Belmont Ridge Principal Theresa Redd, who was featured in a follow-up segment, said she enjoyed talking with Joensen about the county’s testing practices.
“It was a wonderful experience to converse with someone about the concerns they have about testing,” she said. “It is no secret that we are SOL [Standards of Learning] based, but I think we take it to the next level.”
Redd said she has talked with Dehnbostel in the past about the concerns Danes have about losing the problem-solving aspect of their classrooms.
“We do deal with problem solving, we just start out by teaching the skills and then we build into concepts and problem solving,” Redd said. “I think that is important to understand.”
WHILE JOENSEN’S NEWS program was focused on difficult questions, the experience of filming was nothing but exciting for those involved.
“It was a fantastic experience. He was with me in all of my classes,” Dehnbostel said. “He interviewed students and teachers and my principals.”
Indeed, Belmont Ridge seventh-graders Caroline Synder and Alex Arbour were featured prominently in Joensen’s final product. The girls answered questions about how often they were tested, how it affected the rest of their lives and whether they thought it helped them learn and prepare for the future.
“[The girls] really grasp on the purpose of SOL testing,” Redd said. “Of course, I am sure they wish there were fewer tests.”
“The students were great,” Gauriloff said of his Mercer students. “Kids this age will do whatever it is you need them to do. They’re wonderful when it comes to things like this.”

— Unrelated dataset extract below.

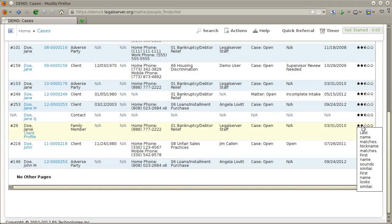The nickname table is a table specific to each instance of Legal Server that site administrators control. For example, Janie is a nickname for Jane, Maggie can be a nickname for Margaret, and these will result in search hits as well.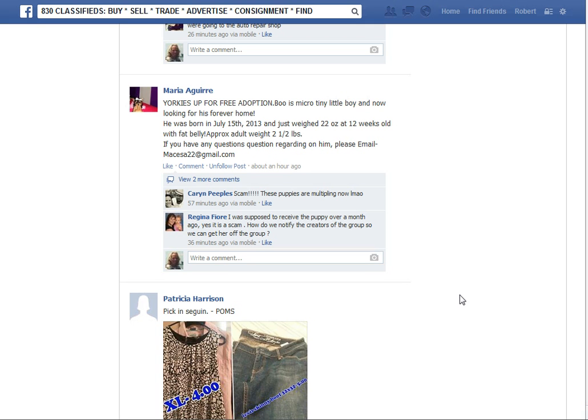Time for another Facebook tutorial. This page that I'm on is a classified, it's like a yard sale type group that I'm in, and this person right here posts quite a bit about Yorkie puppies that they're giving away.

Gauriloff himself was interviewed by Joensen, an experience he called “different.”
“He was a one-man show,” Gauriloff said. “He did the camera work and all the interviewing himself.”
Dehnbostel said the experience was the perfect end to a perfect year, even if it put her a little out of her element.
“The Danish are a very humble people,” she said. “The whole media thing is very new to us. But what an experience. It’s maturing all of us very much.”